Three-fourths of practicing psychiatrists do not have a routine system for identifying patients who own or have access to firearms (18). Additionally, almost half of practicing psychiatrists have never seriously thought about discussing firearm issues with their patients. Yet, psychiatrists who are provided with information on firearms are much more likely to be involved in anticipatory guidance regarding firearms (18). Thus, it is especially disconcerting to find that almost four out of five psychiatric residency directors in the current study reported that they had not seriously thought about providing firearm injury prevention training to their residents, with a median of 0 hours of formal training. The directors did not indicate that they faced numerous barriers to providing such training. Thus, the lack of urgency or perceived relevance to providing such training to residents seems to maintain the inertia of most residency programs toward violence risk assessment, especially as it relates to firearms. Recognition of the fact that systematic training in violence risk assessment leads to improvement in psychiatrists’ risk management plans should help provide the empirical evidence that would result in such efforts having high priority in residency programs (26).
A study of adults’ perceptions of physicians’ advice with regard to not keeping guns in the home found that 47% claimed they would follow such advice (27). An additional 37% indicated that they would seriously think about such advice from a physician, and only 6% indicated they would ignore or be offended by such advice. A more recent study with pediatricians found that parental counseling regarding the need to store guns unloaded and locked away resulted in substantial compliance (68% after 6 months) by parents (28). Additionally, when psychiatrists are provided with information on firearms, they are significantly more likely to be involved in anticipatory guidance regarding firearm safety (18). Thus, if residency programs trained residents in anticipatory guidance on firearms, this might help reduce firearm morbidity and mortality.
A brief clinical intervention that could be effective in identifying every patient who has access to firearms, advising these patients to remove firearms from their premises, and offering alternative forms of personal protection could be based on the 5 As Theory (ask, advise, assess, assist, and arrange) (29). Psychiatrists may want to work with their staff members to deliver the last two or three As if they perceive this brief intervention as intrusive on their time.

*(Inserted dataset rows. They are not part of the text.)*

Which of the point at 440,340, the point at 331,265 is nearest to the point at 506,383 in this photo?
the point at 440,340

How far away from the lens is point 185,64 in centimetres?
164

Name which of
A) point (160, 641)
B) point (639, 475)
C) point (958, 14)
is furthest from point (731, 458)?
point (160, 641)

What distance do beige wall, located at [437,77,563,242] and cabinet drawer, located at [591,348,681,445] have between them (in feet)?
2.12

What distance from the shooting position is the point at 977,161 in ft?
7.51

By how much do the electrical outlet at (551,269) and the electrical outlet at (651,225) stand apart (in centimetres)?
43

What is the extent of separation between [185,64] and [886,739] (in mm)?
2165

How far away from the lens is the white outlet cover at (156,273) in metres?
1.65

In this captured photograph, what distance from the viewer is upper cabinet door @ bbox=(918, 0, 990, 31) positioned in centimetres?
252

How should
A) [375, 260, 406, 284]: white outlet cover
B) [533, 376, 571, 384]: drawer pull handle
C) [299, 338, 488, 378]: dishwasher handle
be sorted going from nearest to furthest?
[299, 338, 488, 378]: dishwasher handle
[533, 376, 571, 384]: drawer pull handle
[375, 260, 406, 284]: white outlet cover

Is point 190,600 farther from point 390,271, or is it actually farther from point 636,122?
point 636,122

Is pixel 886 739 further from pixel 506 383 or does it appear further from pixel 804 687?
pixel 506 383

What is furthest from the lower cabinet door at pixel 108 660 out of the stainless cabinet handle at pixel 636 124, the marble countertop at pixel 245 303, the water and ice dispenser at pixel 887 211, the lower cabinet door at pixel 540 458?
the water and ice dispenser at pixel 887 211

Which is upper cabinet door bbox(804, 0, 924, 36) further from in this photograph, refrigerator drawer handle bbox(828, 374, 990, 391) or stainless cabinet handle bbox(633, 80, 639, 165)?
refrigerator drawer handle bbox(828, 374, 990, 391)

The findings of this study should be interpreted in light of its potential limitations. First, the response rate of 64% was adequate. However, almost two in five directors did not respond. If nonrespondents had different practices and perceptions than respondents regarding anticipatory guidance on firearm safety, a potential threat to the internal validity of the results would exist. Second, because the data were collected by self-report, some directors may have answered some questions in a socially desirable manner. This seems highly unlikely, however, because the vast majority of directors indicated that they had not seriously thought about providing such training. Finally, the questionnaire items all had closed-format responses. This could have been a threat to the internal validity of the findings to the extent that important items or response options were not included on the questionnaire. This too was a diminished threat because many of the items included an “other (please identify)” option.
At the time of submission, the authors reported no competing interests.